EXERCISE DIRECTIONS — Every record below is to be repeated exactly, with the pictures left out.

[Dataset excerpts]
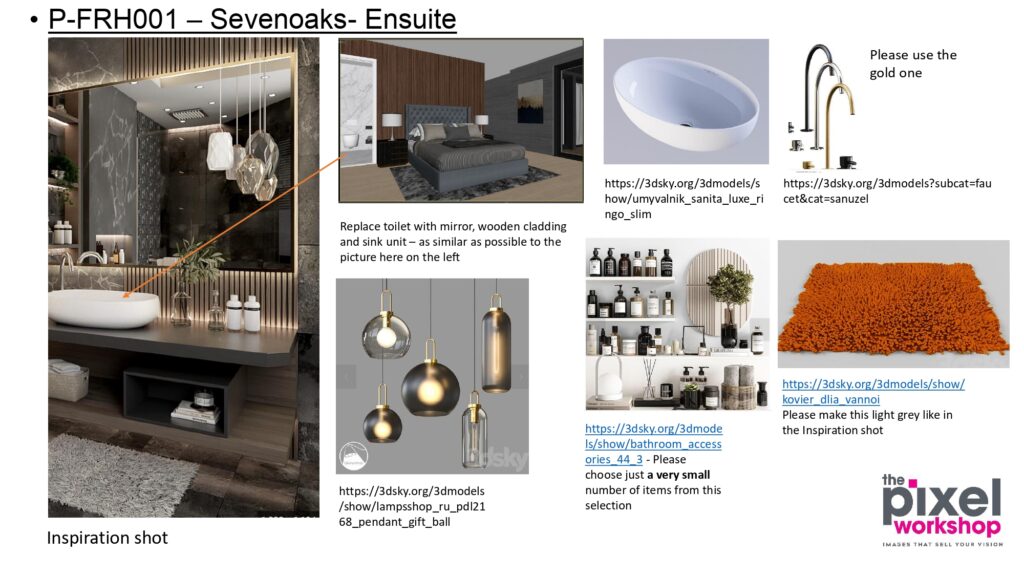 Interior CGI of modern ensuite bathroom at Sevenoaks development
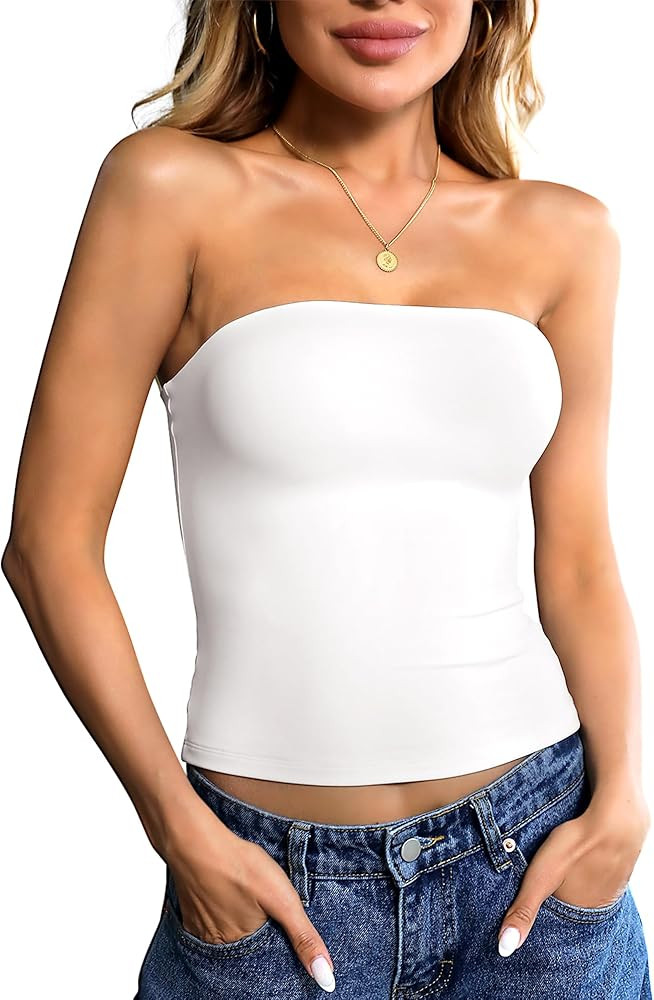 Ibeauti Womens Tube Top Strapless Crop Tops Double Lined Sexy Y2K Going Out Off Shoulder Summer T... | Amazon (US)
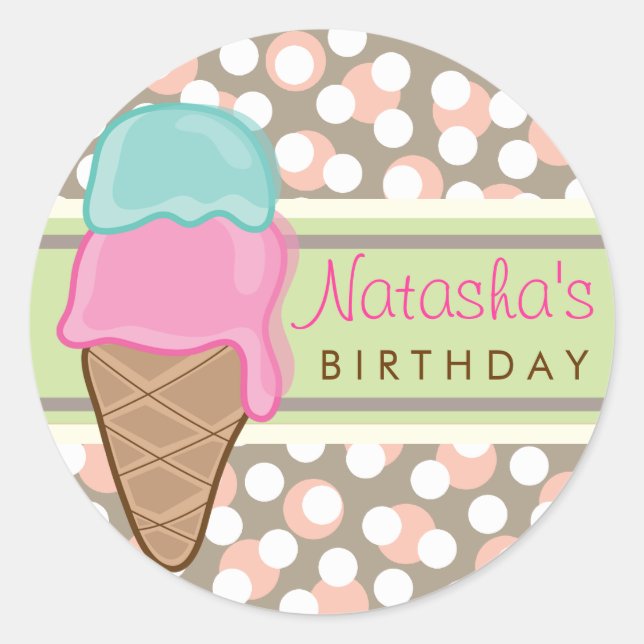 Autocollant pour fête d'anniversaire glace à la me (Devant)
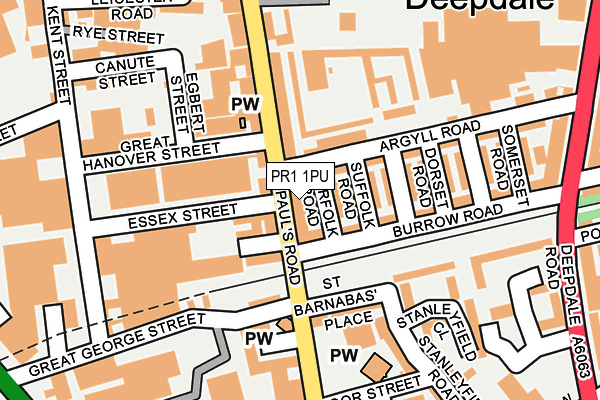 PR1 1PU map - OS OpenMap – Local (Ordnance Survey)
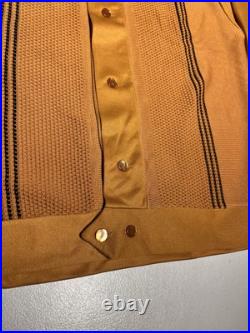 Gama Creations Sweater Men's Medium Gold Yellow Button Cardigan 70's Grandpa VTG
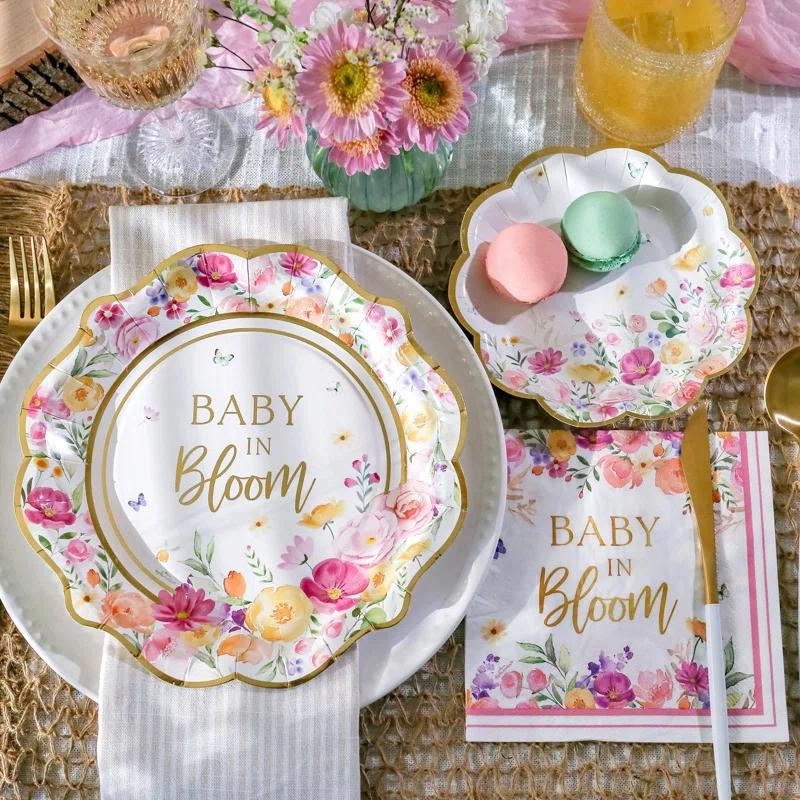 Kate Aspen Kate Aspen Baby in Bloom 62 Piece Party Tableware Set Baby Shower Party Decorations Plates & Napkins, Vibrant Floral Botanical (16 Guests)- Perfect for Greenery Baby Shower (Set of 62)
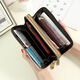 CHONGSUKEI small/ck wallet women's long 2025 new European and American fashion large capacity double zipper mobile phone bag printed wrist bag MM coffee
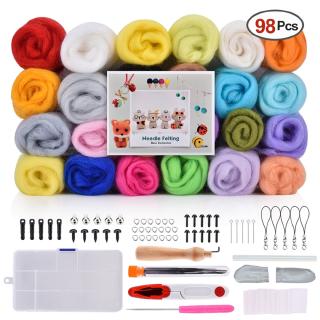 【Ready Stock】24 Color DIY Wool Felt Kit Needles Tool Set Handmade Needle Felting Mat Starter Fabric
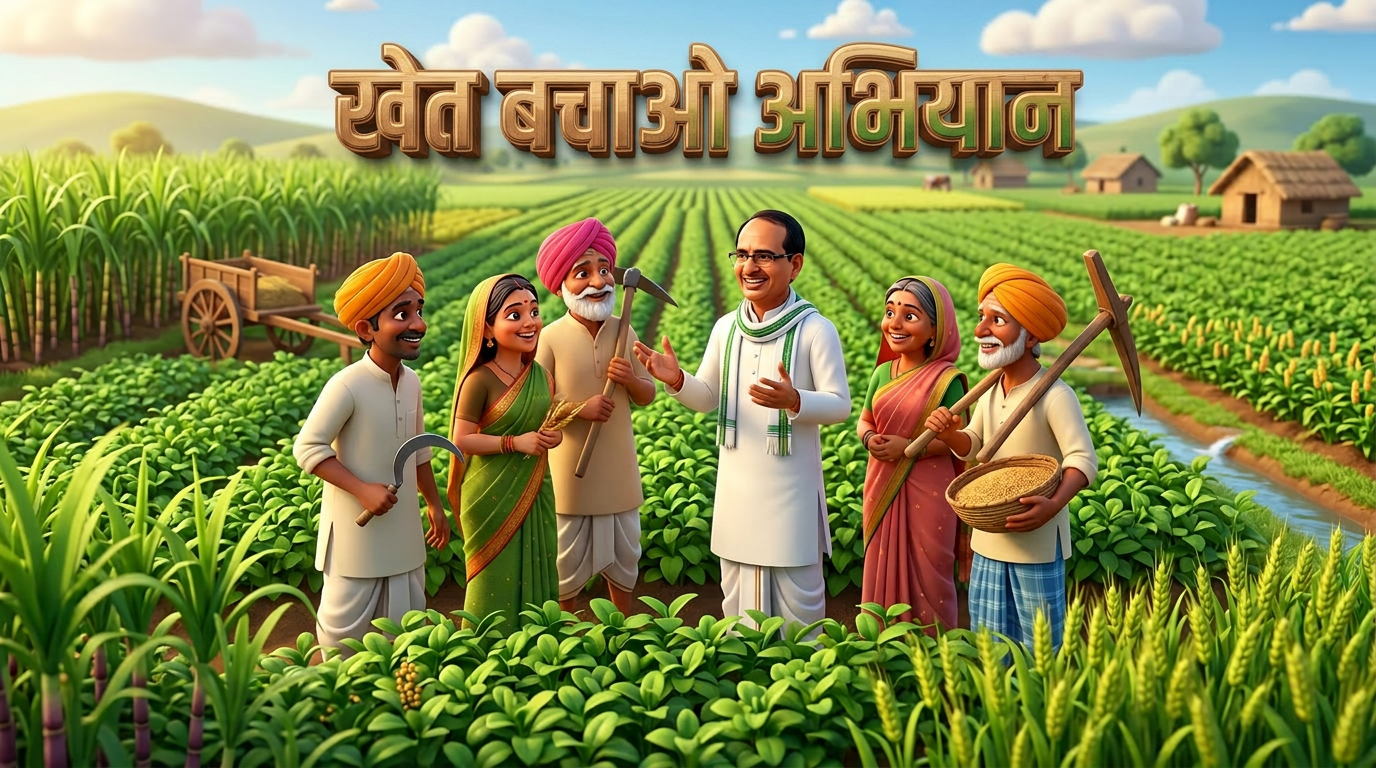 Farmers and an agricultural advisor discussing crops in a lush green farm field.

SOLUTION FOR THIS PROBLEM —
 Interior CGI of modern ensuite bathroom at Sevenoaks development
 Ibeauti Womens Tube Top Strapless Crop Tops Double Lined Sexy Y2K Going Out Off Shoulder Summer T... | Amazon (US)
 Autocollant pour fête d'anniversaire glace à la me (Devant)
 PR1 1PU map - OS OpenMap – Local (Ordnance Survey)
 Gama Creations Sweater Men's Medium Gold Yellow Button Cardigan 70's Grandpa VTG
 Kate Aspen Kate Aspen Baby in Bloom 62 Piece Party Tableware Set Baby Shower Party Decorations Plates & Napkins, Vibrant Floral Botanical (16 Guests)- Perfect for Greenery Baby Shower (Set of 62)
 CHONGSUKEI small/ck wallet women's long 2025 new European and American fashion large capacity double zipper mobile phone bag printed wrist bag MM coffee
 【Ready Stock】24 Color DIY Wool Felt Kit Needles Tool Set Handmade Needle Felting Mat Starter Fabric
 Farmers and an agricultural advisor discussing crops in a lush green farm field.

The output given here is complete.